--- INFORMATION ---

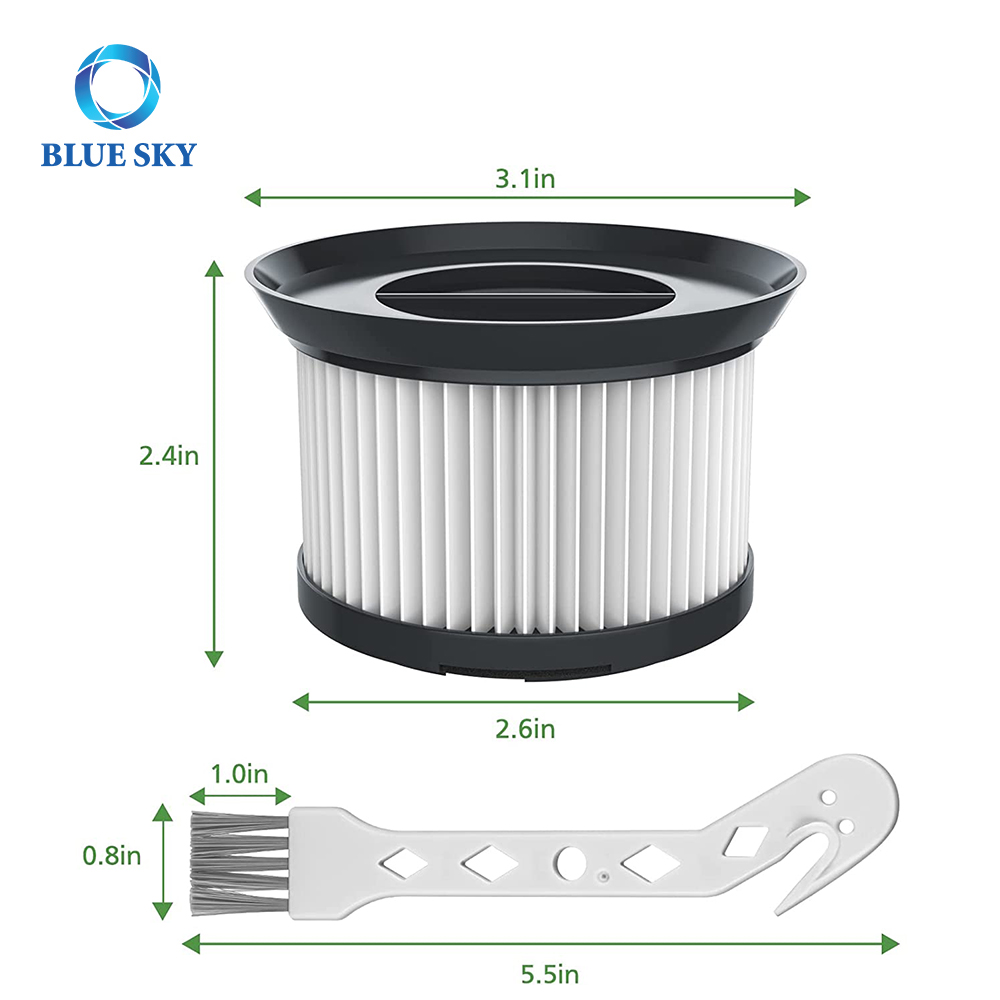  Reemplazo de filtro para aspiradoras inalámbricas EIOEIR HC-20G Reemplazar parte # HC-20GF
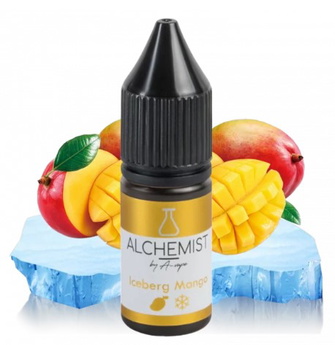 Сольова рідина Alchemist Iceberg Mango (Манго с холодком) 10 мл 50 мг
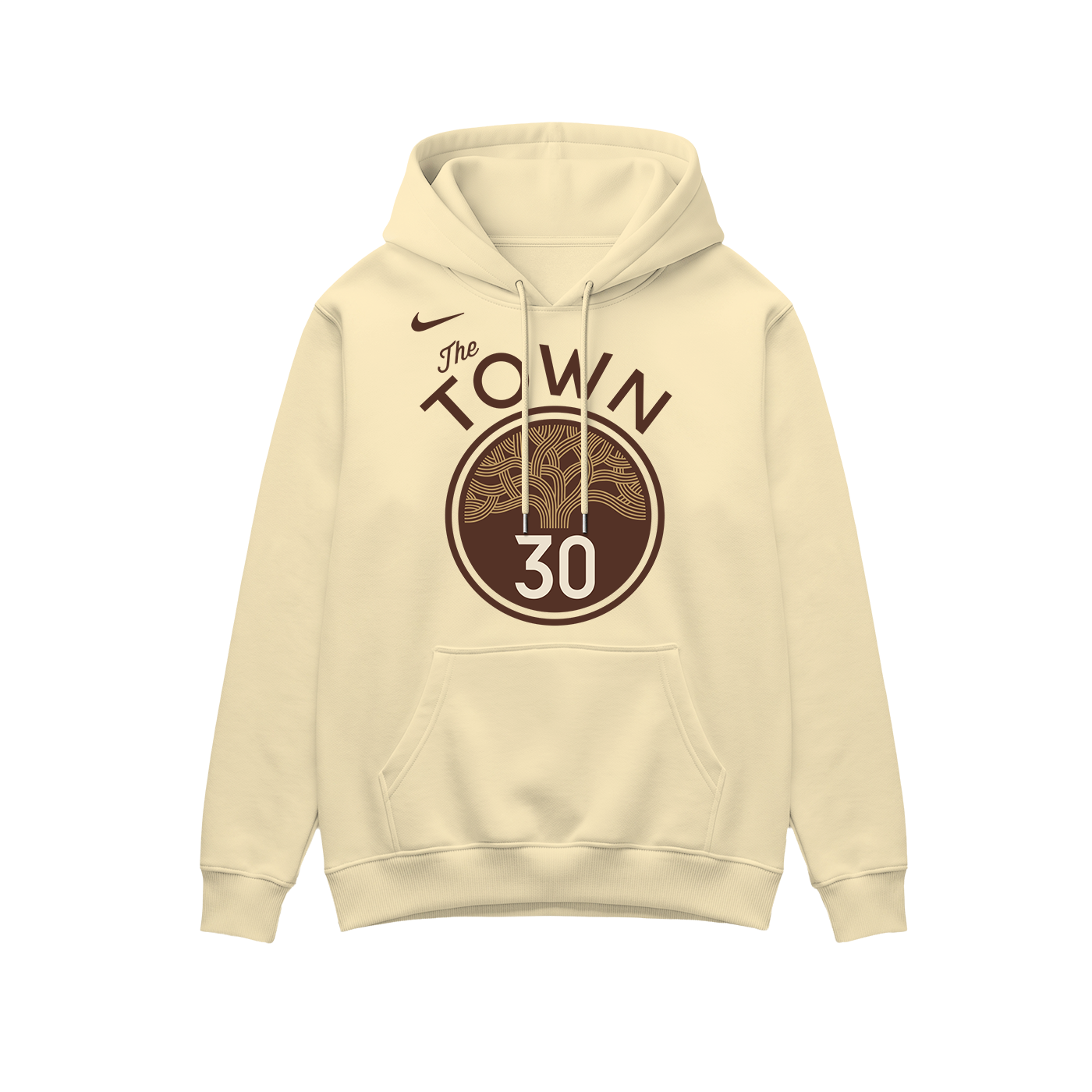Golden State Warriors: City Edition 2K26 Kapüşonlu Hoodie
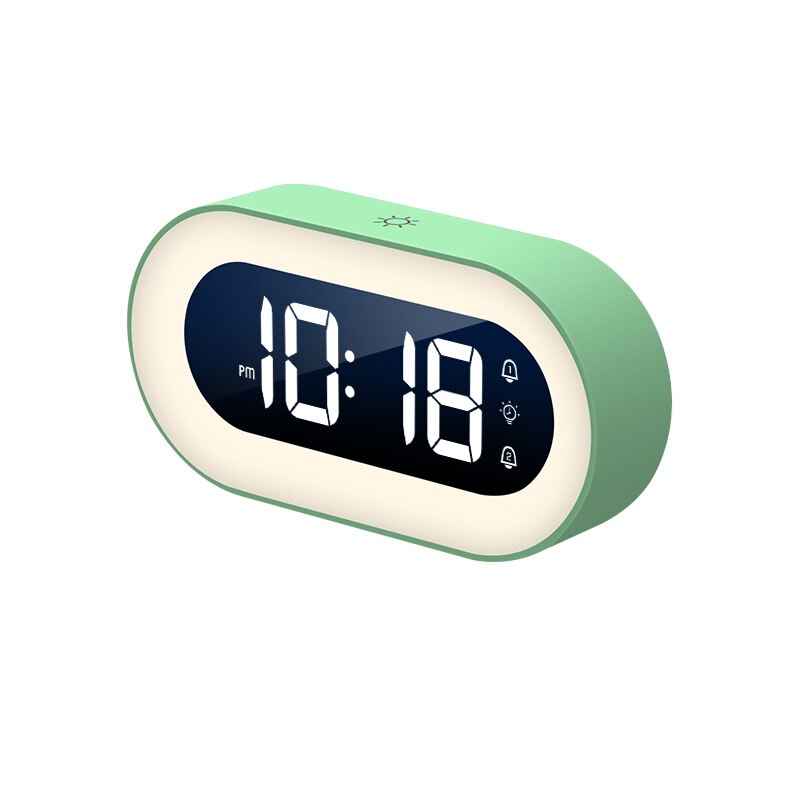 BowLift | Digital Alarm Clock with Nightlight – Lumino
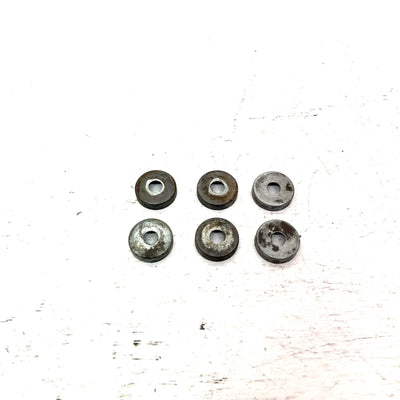 00 Yamaha Warrior 350 YFM350X OEM A Arm Seal Cover Set Of 6 1UY-23517-01-00 AY67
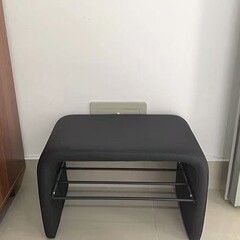 軽い高級感と高級感のある靴交換スツール、玄関ホール、家庭用座り靴スツール、靴キャビネット、一体型玄関寝室ロングベッドエンドスツール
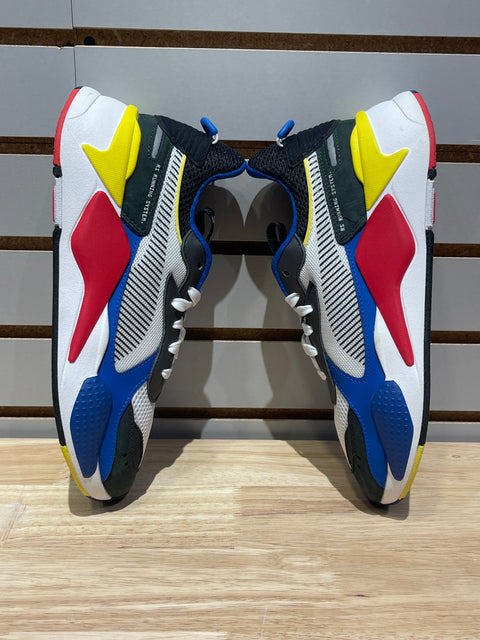 Puma RS-X Toys White Sz 9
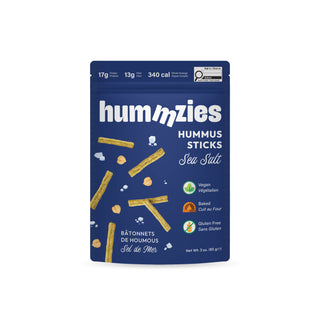 Hummzies Hummus Sticks | Sea Salt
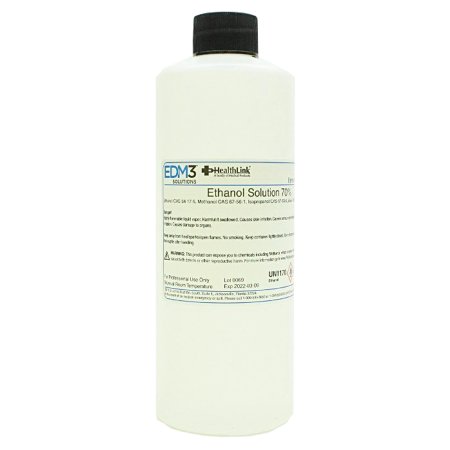 EDM 3 LLC Chemistry Reagent Ethanol ACS Grade 70% 16 oz. - Each - 400448-EA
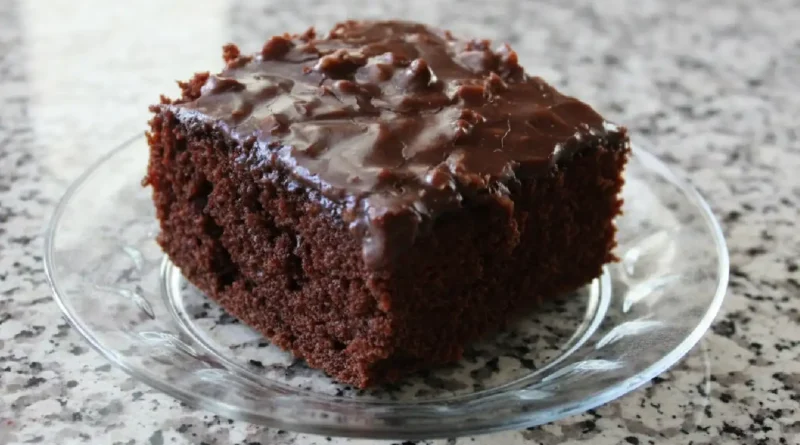 Chocolate Fudge Cake Recipe
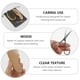 thumbnail image 2 of 1 Set Caring Shawing Tool Kit Bearing Caring Tools Tijeras de barba Cepillo de Combate, 2 of 6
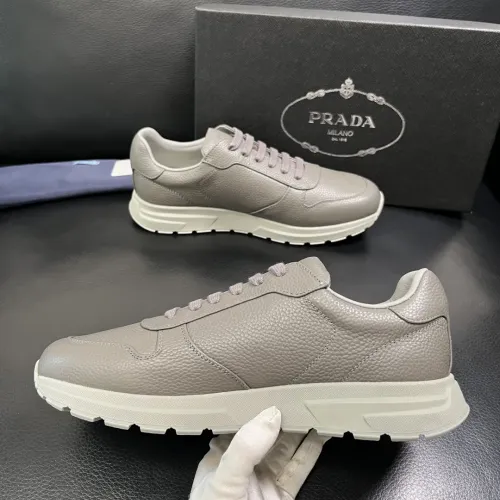 Replica Prada Casual Shoes For Men #1399633 $140.00 USD for Wholesale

---

HOW TO COMPLETE THIS TASK: Write every entry out again exactly, dropping the pictures.

YOUR SOLUTION:
  Reemplazo de filtro para aspiradoras inalámbricas EIOEIR HC-20G Reemplazar parte # HC-20GF
 Сольова рідина Alchemist Iceberg Mango (Манго с холодком) 10 мл 50 мг
Golden State Warriors: City Edition 2K26 Kapüşonlu Hoodie
 BowLift | Digital Alarm Clock with Nightlight – Lumino
 00 Yamaha Warrior 350 YFM350X OEM A Arm Seal Cover Set Of 6 1UY-23517-01-00 AY67
 軽い高級感と高級感のある靴交換スツール、玄関ホール、家庭用座り靴スツール、靴キャビネット、一体型玄関寝室ロングベッドエンドスツール
 Puma RS-X Toys White Sz 9
 Hummzies Hummus Sticks | Sea Salt
 EDM 3 LLC Chemistry Reagent Ethanol ACS Grade 70% 16 oz. - Each - 400448-EA
 Chocolate Fudge Cake Recipe
 thumbnail image 2 of 1 Set Caring Shawing Tool Kit Bearing Caring Tools Tijeras de barba Cepillo de Combate, 2 of 6
 Replica Prada Casual Shoes For Men #1399633 $140.00 USD for Wholesale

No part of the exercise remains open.